**Work to complete:** The result should be every line in the data below that carries the string "Unflavored".

Stored items
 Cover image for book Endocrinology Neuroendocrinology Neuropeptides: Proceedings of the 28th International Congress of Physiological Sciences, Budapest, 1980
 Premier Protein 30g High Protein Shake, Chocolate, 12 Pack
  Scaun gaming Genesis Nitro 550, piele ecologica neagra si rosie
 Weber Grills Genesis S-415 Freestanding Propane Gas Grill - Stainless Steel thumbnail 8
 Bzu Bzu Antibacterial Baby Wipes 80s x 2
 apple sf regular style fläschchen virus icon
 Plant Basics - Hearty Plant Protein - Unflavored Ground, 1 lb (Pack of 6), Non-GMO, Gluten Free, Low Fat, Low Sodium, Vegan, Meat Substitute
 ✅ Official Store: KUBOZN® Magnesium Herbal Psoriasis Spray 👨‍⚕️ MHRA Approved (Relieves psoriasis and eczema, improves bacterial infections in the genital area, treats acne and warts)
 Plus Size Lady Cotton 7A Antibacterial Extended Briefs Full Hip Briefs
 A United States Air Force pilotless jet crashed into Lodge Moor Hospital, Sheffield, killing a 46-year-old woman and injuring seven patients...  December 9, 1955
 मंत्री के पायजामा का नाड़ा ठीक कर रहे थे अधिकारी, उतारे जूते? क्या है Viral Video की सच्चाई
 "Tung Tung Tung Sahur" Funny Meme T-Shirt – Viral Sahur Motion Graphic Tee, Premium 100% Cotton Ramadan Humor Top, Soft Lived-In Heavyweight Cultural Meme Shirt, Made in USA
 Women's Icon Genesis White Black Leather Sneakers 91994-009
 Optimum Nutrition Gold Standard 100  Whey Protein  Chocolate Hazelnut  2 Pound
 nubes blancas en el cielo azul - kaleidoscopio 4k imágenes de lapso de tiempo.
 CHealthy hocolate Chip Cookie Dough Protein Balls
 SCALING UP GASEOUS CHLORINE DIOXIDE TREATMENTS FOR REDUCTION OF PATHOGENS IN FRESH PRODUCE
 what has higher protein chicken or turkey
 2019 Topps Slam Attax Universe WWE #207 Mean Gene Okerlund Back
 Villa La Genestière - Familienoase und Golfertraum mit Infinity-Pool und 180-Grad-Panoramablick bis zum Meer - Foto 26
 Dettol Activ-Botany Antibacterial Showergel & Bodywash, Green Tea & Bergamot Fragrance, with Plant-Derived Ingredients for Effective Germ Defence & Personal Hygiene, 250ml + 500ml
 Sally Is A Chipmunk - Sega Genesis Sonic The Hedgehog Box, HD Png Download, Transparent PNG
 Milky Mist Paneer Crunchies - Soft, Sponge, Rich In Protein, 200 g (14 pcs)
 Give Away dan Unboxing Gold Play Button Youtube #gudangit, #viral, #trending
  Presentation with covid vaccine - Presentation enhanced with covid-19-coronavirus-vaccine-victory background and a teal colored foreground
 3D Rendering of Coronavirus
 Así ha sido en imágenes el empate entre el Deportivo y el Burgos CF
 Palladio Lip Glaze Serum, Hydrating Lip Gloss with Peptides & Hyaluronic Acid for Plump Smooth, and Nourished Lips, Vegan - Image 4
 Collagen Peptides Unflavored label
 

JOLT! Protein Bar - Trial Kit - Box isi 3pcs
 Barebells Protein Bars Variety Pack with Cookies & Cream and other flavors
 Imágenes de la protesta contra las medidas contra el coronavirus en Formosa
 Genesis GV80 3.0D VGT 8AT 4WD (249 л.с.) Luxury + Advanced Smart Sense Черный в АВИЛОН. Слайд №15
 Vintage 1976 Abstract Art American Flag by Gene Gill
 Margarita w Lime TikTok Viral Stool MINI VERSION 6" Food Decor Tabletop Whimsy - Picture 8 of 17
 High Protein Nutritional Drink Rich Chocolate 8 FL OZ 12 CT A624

**Task result:**
 Plant Basics - Hearty Plant Protein - Unflavored Ground, 1 lb (Pack of 6), Non-GMO, Gluten Free, Low Fat, Low Sodium, Vegan, Meat Substitute
 Collagen Peptides Unflavored label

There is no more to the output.